## Your instructions
All lines below starting at the one that holds "I'm in the forest, I" and ending at the one that holds "Let's take for" should be printed exactly, ends included. Pictures should not be printed, nor anything else.

## Saved data entries
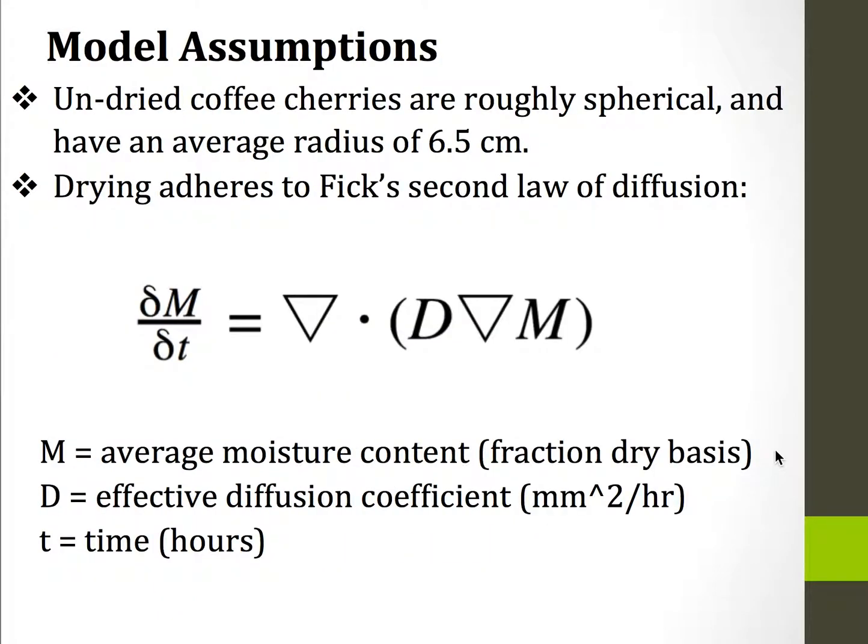With this model I make a couple of assumptions. First, I assume that we're using undried coffee cherries that are roughly spherical and that have an average radius of 6.5 cm. I'm also assuming that the drying adheres to Fick's second law of diffusion, which is shown below, where m is the average moisture content, d is the effective diffusion coefficient, and t is time in hours.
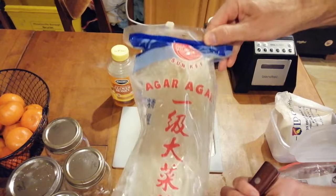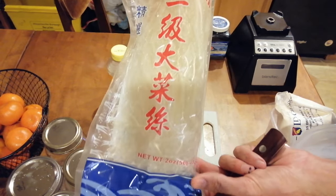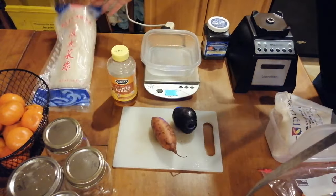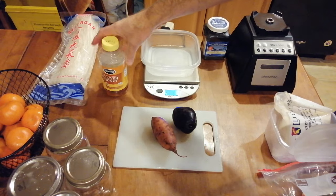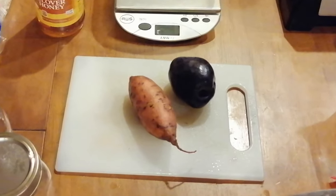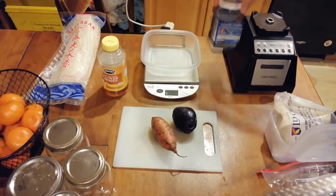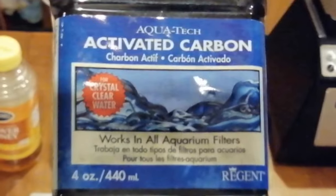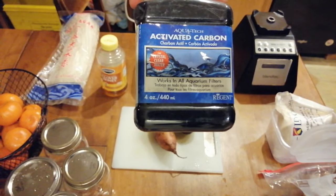You will of course need some agar agar, which you can buy online or find at most Asian grocery stores. Two ounces is really all you need — you can also buy it pre-powdered. I will be using honey only for the potato dextrose agar recipe. If you will be making potato dextrose agar or PDA, then you will need one medium-sized potato — any type will be fine. To make black agar you will need some activated carbon.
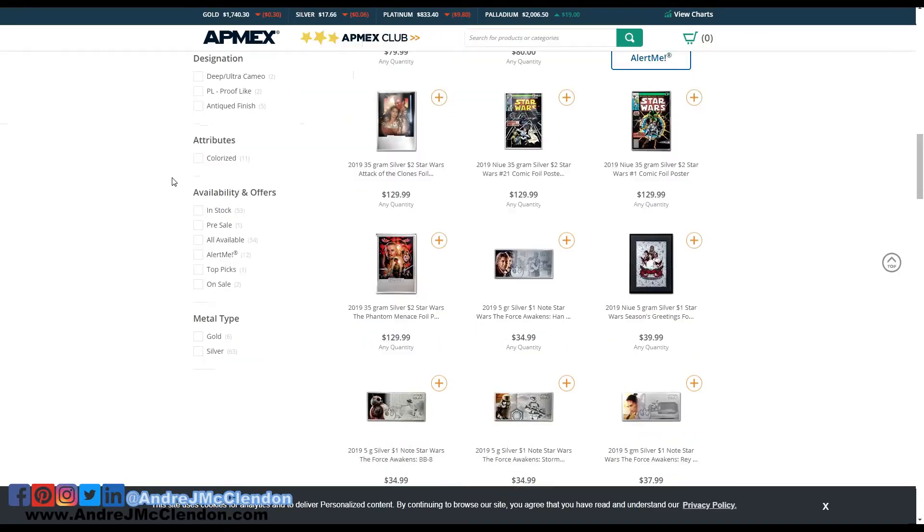So if you guys have also made your own collectible coin catalog, please tell me what do you guys do? Give some of your thoughts or some tips on it, because I'm just starting out my first time doing this.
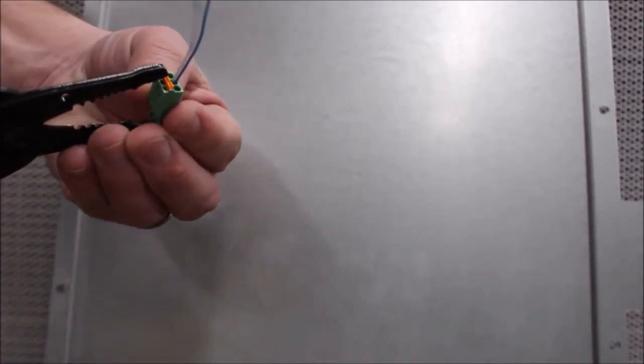The same can be done to remove the wires. This gives you a stable way of inserting and removing the wires.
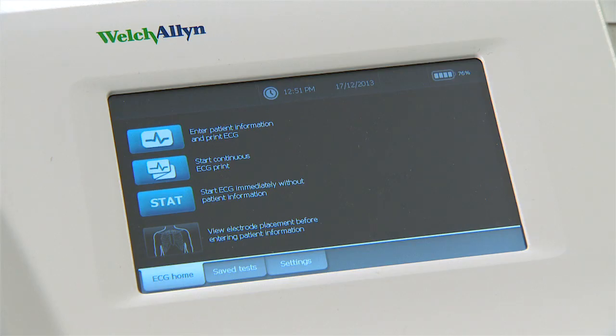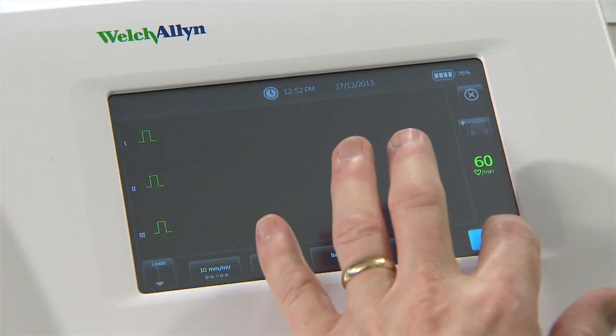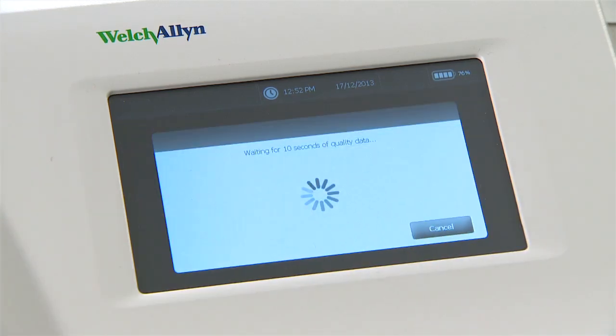To take a stat ECG — that is, start the test immediately without any patient information — choose the stat option in the home screen followed by print. The interpretation on all stat ECGs assumes the patient is a 35-year-old man. Standard auto or stat ECG reports will show all 12 leads, a lead 2 rhythm strip, and an interpretation.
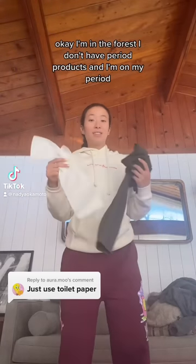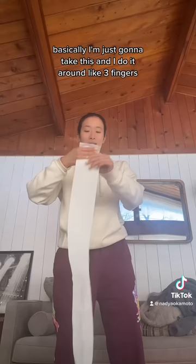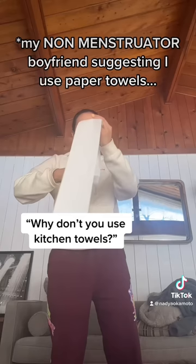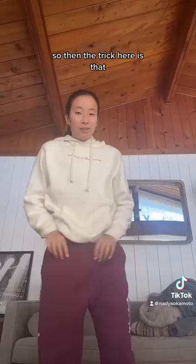I'm in the forest, I don't have period products and I'm on my period. I'm going to show you my makeshift pad situation. Basically, I'm just going to take toilet paper and wrap it around like three fingers. I don't use a kitchen towel or paper towel because it's rough and we're going on a two-mile hike, so I'll just use this.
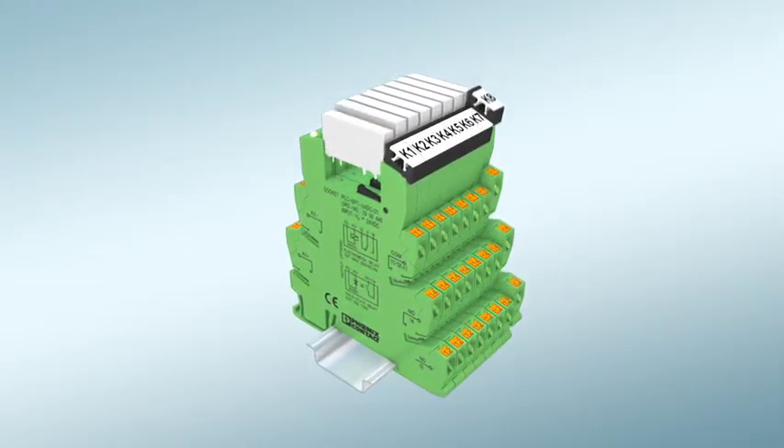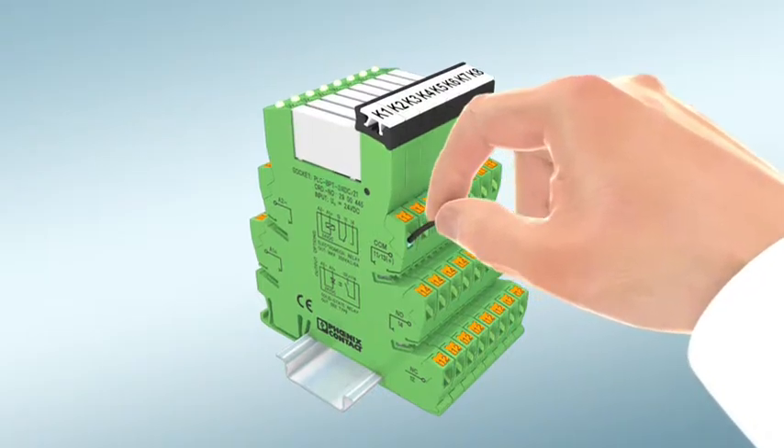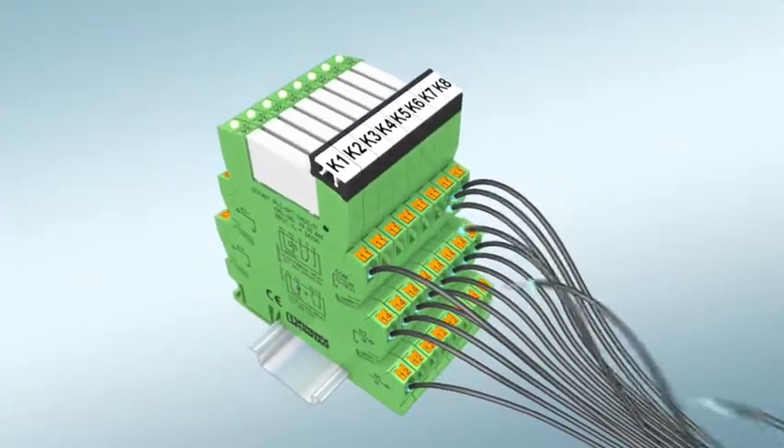PLC relay with push-in technology from Phoenix Contact. The proven relay modules are now even easier and faster to wire. Even the smallest conductor cross-sections can be easily and securely pushed in.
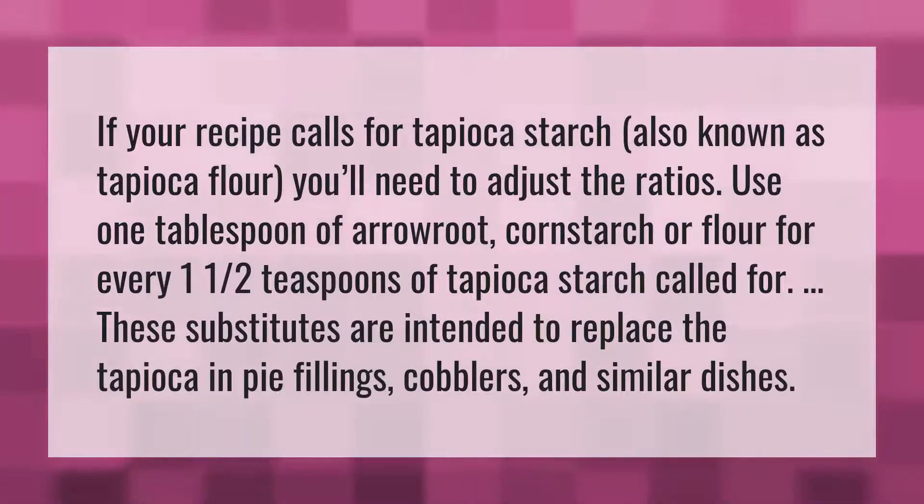If your recipe calls for tapioca starch, also known as tapioca flour, you'll need to adjust the ratios. Use 1 tablespoon of arrowroot, cornstarch, or flour for every one and a half teaspoons of tapioca starch called for. These substitutes are intended to replace the tapioca in pie fillings, cobblers, and similar dishes.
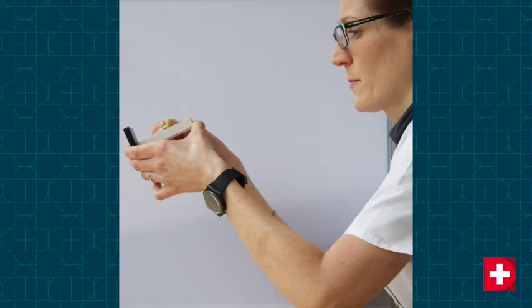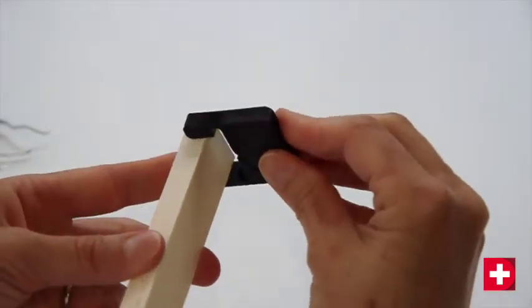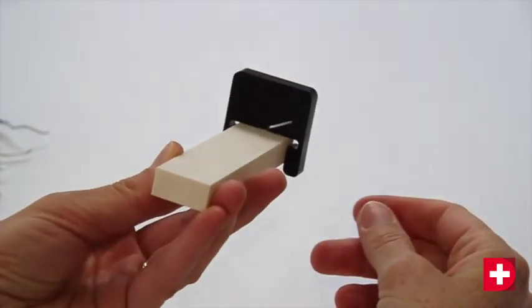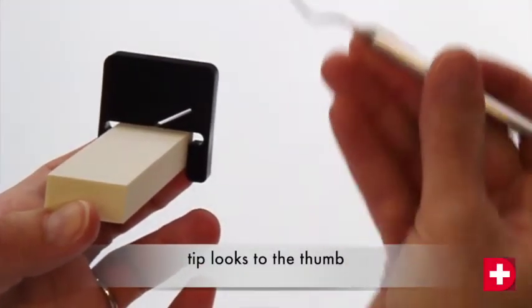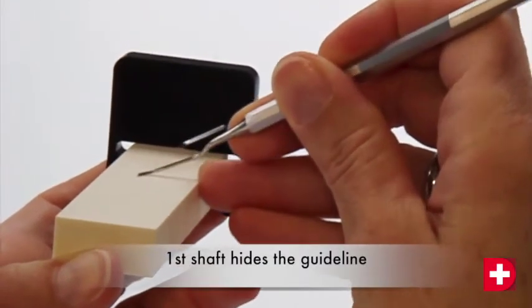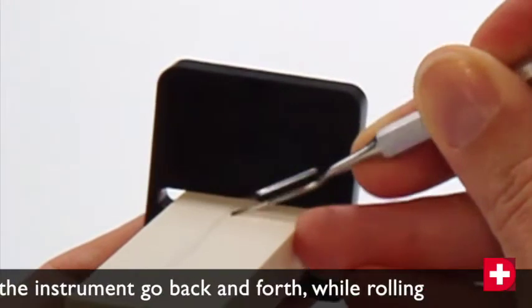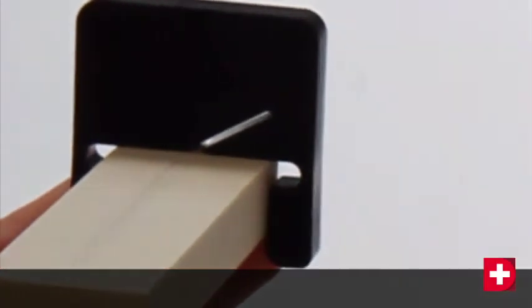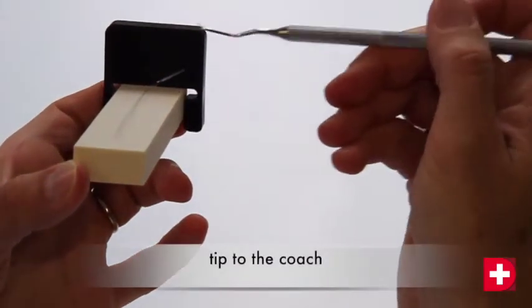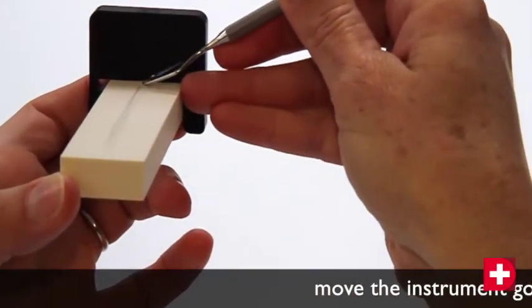Let's take for example the Gracie 7-8 curette. Mount the Gracie coach — this is used solely for Gracie curettes. The point of the instrument should always be pointing towards the thumb or the coach, depending upon which side of the blade is being sharpened. The lower or terminal shank should cover the guideline and remain parallel to it. Once you have the correct position, you should move the instrument back and forth over the stone whilst rolling the handle between your fingers. This will enable you to follow the curve of the blade. You should avoid using force — simply slide the instrument over the stone. The wider your movements over the stone, the more effective you will be.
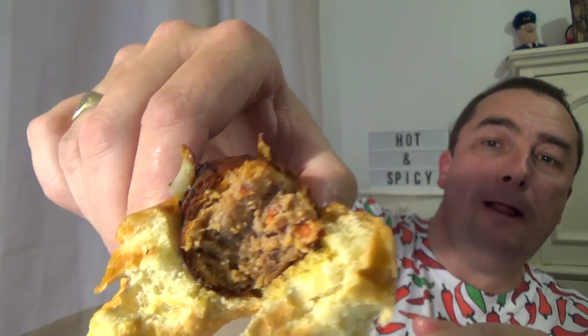Very nice sausage taste. You can see bits of chilli in there, maybe you can capture it - a bit of red. Oh, they're lovely! Wow, nice tingle. Wow, whoo-hoo! Well done Aldi - they're hotter than I thought they'd be.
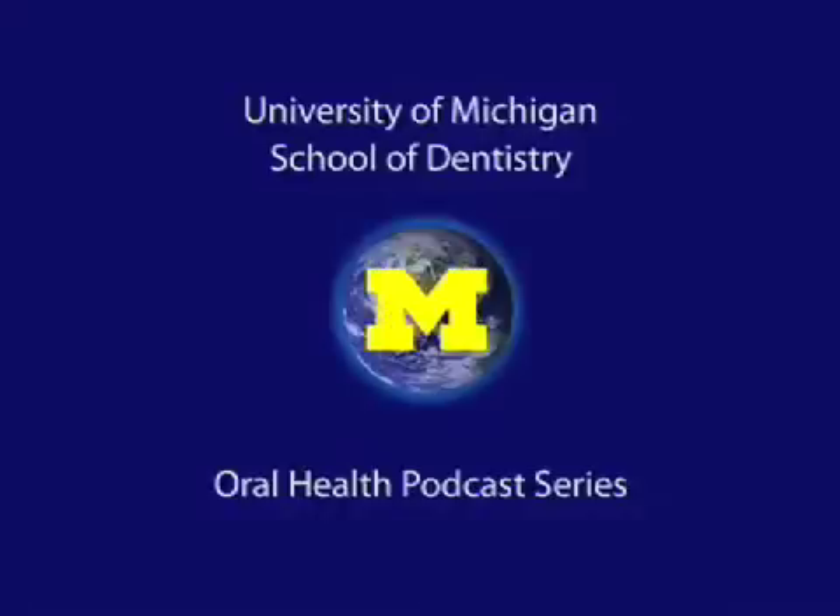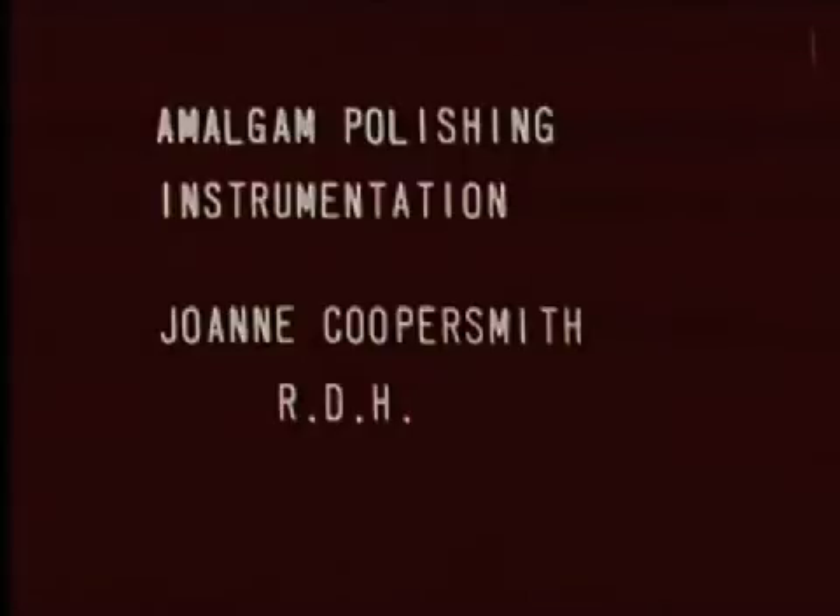Welcome to the University of Michigan Dentistry Podcast Series, promoting oral health care worldwide. The purpose of this presentation will be to take a closer look at some of the instruments you will be using in your amalgam polishing procedures. Since you're already acquainted with most of the equipment used during polishing, we're not going to go over that today. To begin with, I'd like to acquaint you with the instruments you will first use in polishing class 2 restorations.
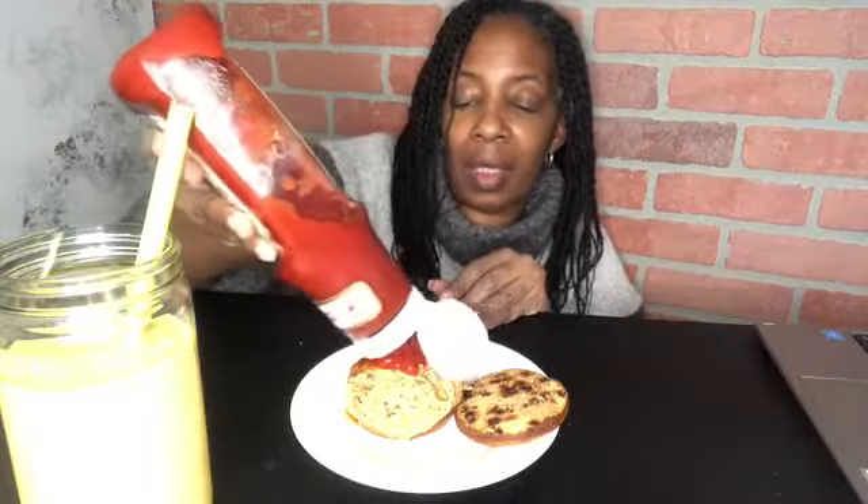And here I have a fish cake. It's on a Mikey's gluten-free toasted onion English muffin. I'm going to use ketchup — the ketchup's a little watery, but I'm going to use it.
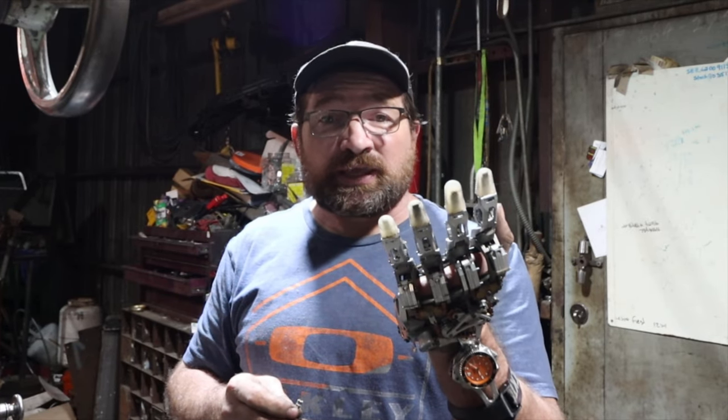Hello and welcome back to my channel. In today's video I thought I'd show how I make and break the number 15 miniature roller chain that I use throughout the build on my prosthetic hand. The easiest way that I've found to make and break the roller chain is I do it in the milling machine.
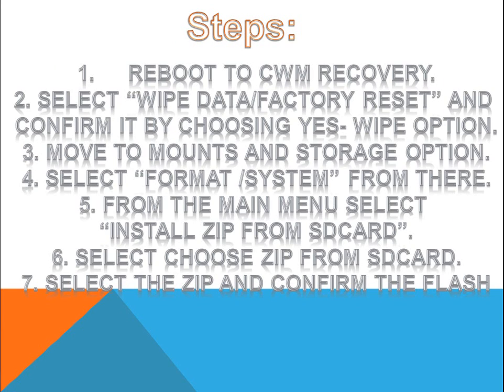Now to flash the ROM, first of all reboot to ClockworkMod recovery. Select the wipe data factory reset option and confirm the wipe first of all.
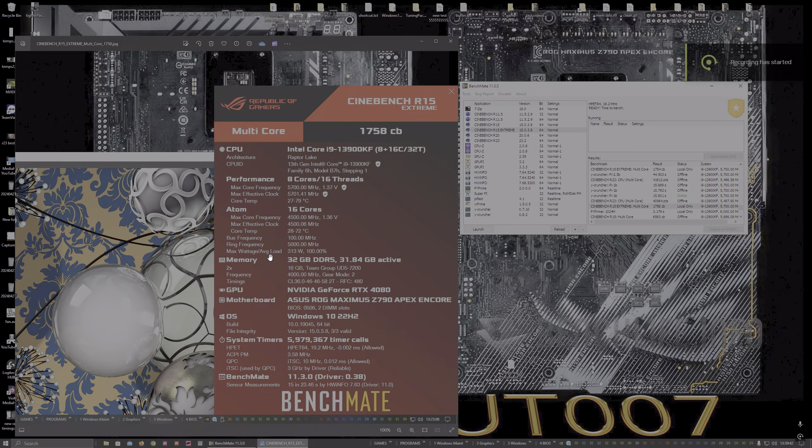This program here is brilliant for testing to see if your Intel CPU is not operating properly — it's Cinebench R15. This one will find any problems, so I strongly suggest if you want a quick test rather than running into games and all that, this one should find the problem a lot faster. I would highly suggest running this.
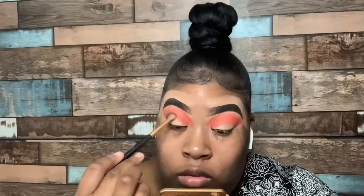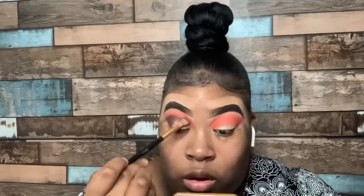Now I'm going to go ahead and take that brown shade, and I'm going to pack that right into my crease area, and then blend the shade a little upward so that the orange and the brown blend seamlessly.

## Your response
I'm in the forest, I don't have period products and I'm on my period. I'm going to show you my makeshift pad situation. Basically, I'm just going to take toilet paper and wrap it around like three fingers. I don't use a kitchen towel or paper towel because it's rough and we're going on a two-mile hike, so I'll just use this.
PLC relay with push-in technology from Phoenix Contact. The proven relay modules are now even easier and faster to wire. Even the smallest conductor cross-sections can be easily and securely pushed in.
If your recipe calls for tapioca starch, also known as tapioca flour, you'll need to adjust the ratios. Use 1 tablespoon of arrowroot, cornstarch, or flour for every one and a half teaspoons of tapioca starch called for. These substitutes are intended to replace the tapioca in pie fillings, cobblers, and similar dishes.
Let's take for example the Gracie 7-8 curette. Mount the Gracie coach — this is used solely for Gracie curettes. The point of the instrument should always be pointing towards the thumb or the coach, depending upon which side of the blade is being sharpened. The lower or terminal shank should cover the guideline and remain parallel to it. Once you have the correct position, you should move the instrument back and forth over the stone whilst rolling the handle between your fingers. This will enable you to follow the curve of the blade. You should avoid using force — simply slide the instrument over the stone. The wider your movements over the stone, the more effective you will be.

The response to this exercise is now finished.